SOURCE MATERIAL START

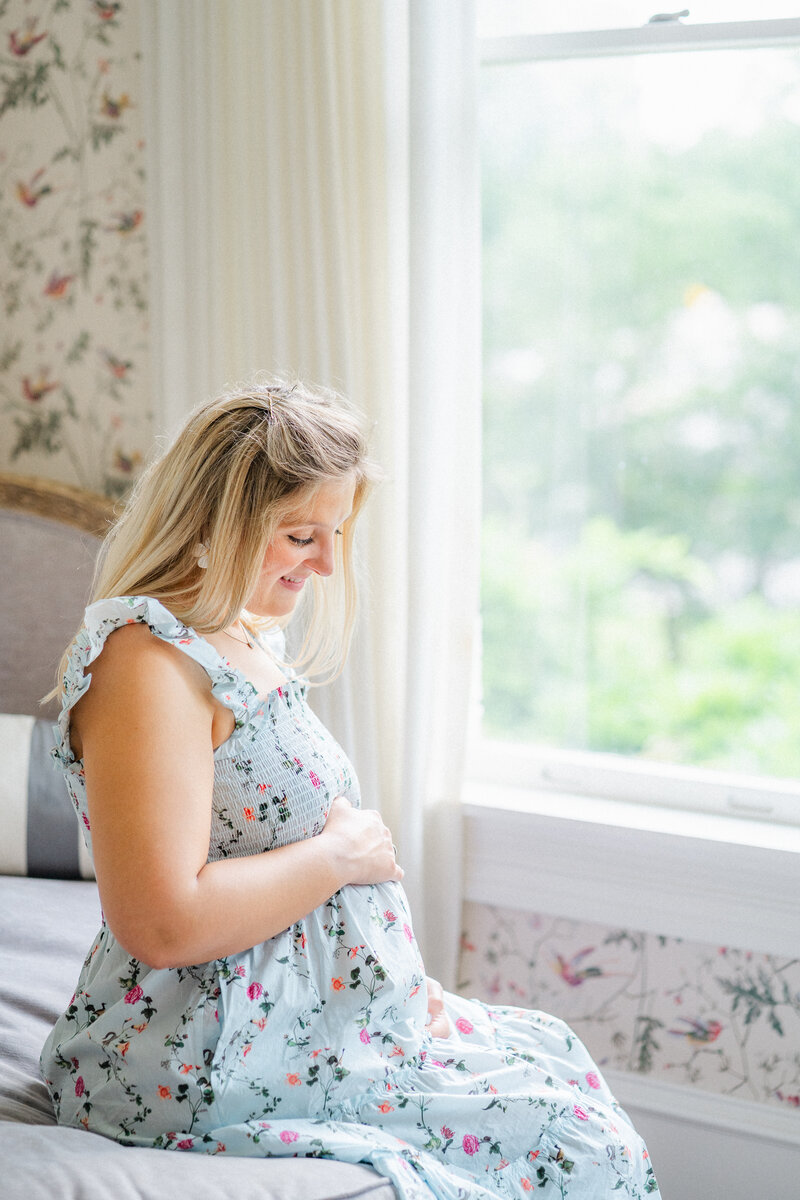 Austin, TX Family & Newborn Photography | An expectant mother sits on the edge of a daybed at Woodbine Mansion in Round Rock, TX.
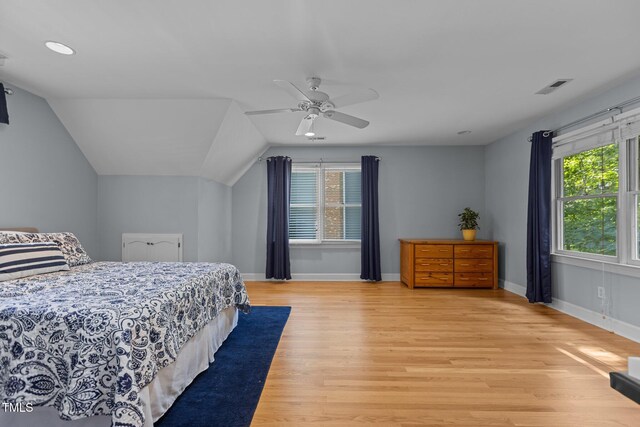 8004 Gabriels Bend Dr, Raleigh, NC 27612 - bedroom with multiple windows, light wood-type flooring, lofted ceiling, ceiling fan, and recessed lighting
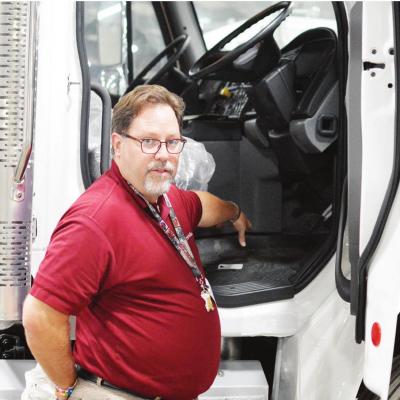 CDN | Collin Wieder Brian Aneshansley of SportChassis shows off one of the vehicles equipped with dual-steer capabilities. SportChassis benefits from state grant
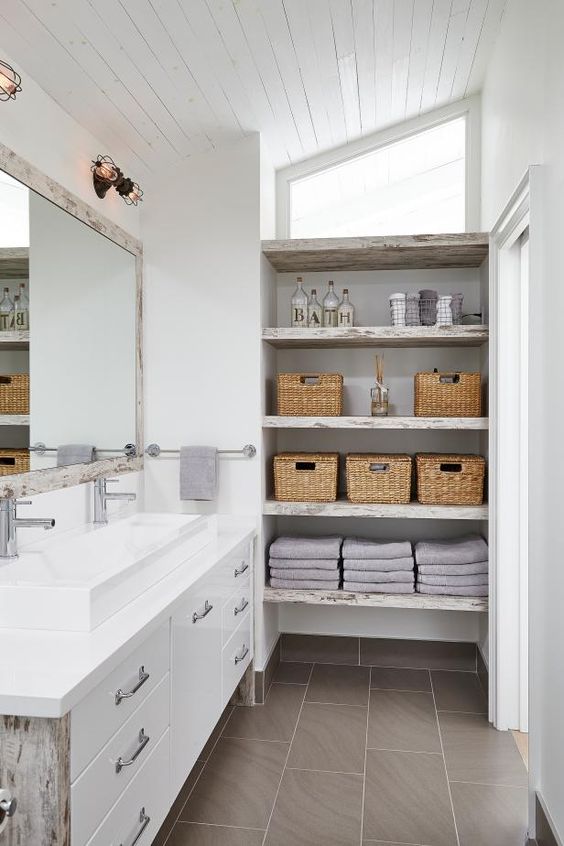 a neutral shabby chic bathroom with shabby chic open shelves on one side that give plenty of storage space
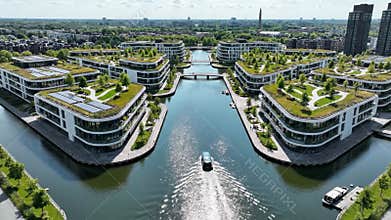 Aerial View of White Buildings with Green Roofs Along a Canal in Dusseldorf Germany on a Bright Sunny Day with Trees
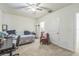 Bright bedroom featuring neutral carpet, a ceiling fan, and plenty of space for a desk and seating at 819 Lucent Sands Ct, Brandon, FL 33511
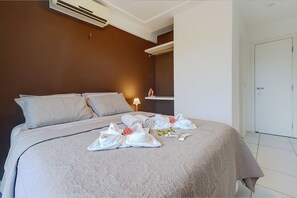 A neatly made bed with towels and toiletries, a bedside lamp, and a door to the right.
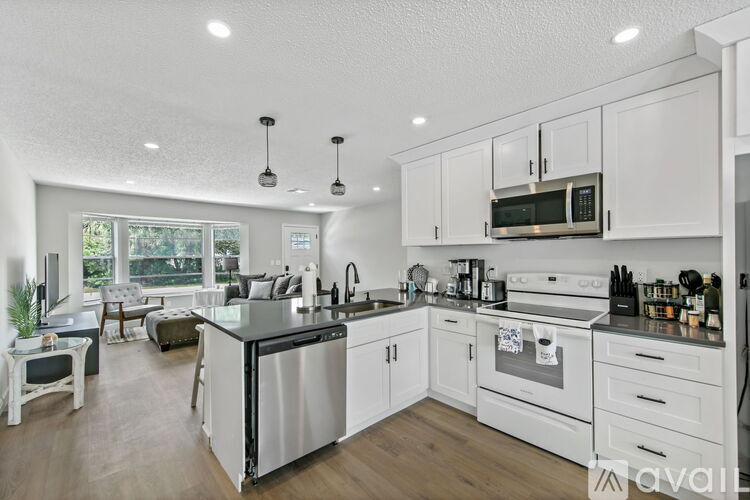 A modern kitchen with white cabinets and stainless steel appliances.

SOURCE MATERIAL END

[WORK TO BE COMPLETED] Retype the data word for word, please, and keep the images out.

[ANSWER TO THIS EXERCISE]
 Austin, TX Family & Newborn Photography | An expectant mother sits on the edge of a daybed at Woodbine Mansion in Round Rock, TX.
 8004 Gabriels Bend Dr, Raleigh, NC 27612 - bedroom with multiple windows, light wood-type flooring, lofted ceiling, ceiling fan, and recessed lighting
 CDN | Collin Wieder Brian Aneshansley of SportChassis shows off one of the vehicles equipped with dual-steer capabilities. SportChassis benefits from state grant
 a neutral shabby chic bathroom with shabby chic open shelves on one side that give plenty of storage space
 Aerial View of White Buildings with Green Roofs Along a Canal in Dusseldorf Germany on a Bright Sunny Day with Trees
 Bright bedroom featuring neutral carpet, a ceiling fan, and plenty of space for a desk and seating at 819 Lucent Sands Ct, Brandon, FL 33511
 A neatly made bed with towels and toiletries, a bedside lamp, and a door to the right.
 A modern kitchen with white cabinets and stainless steel appliances.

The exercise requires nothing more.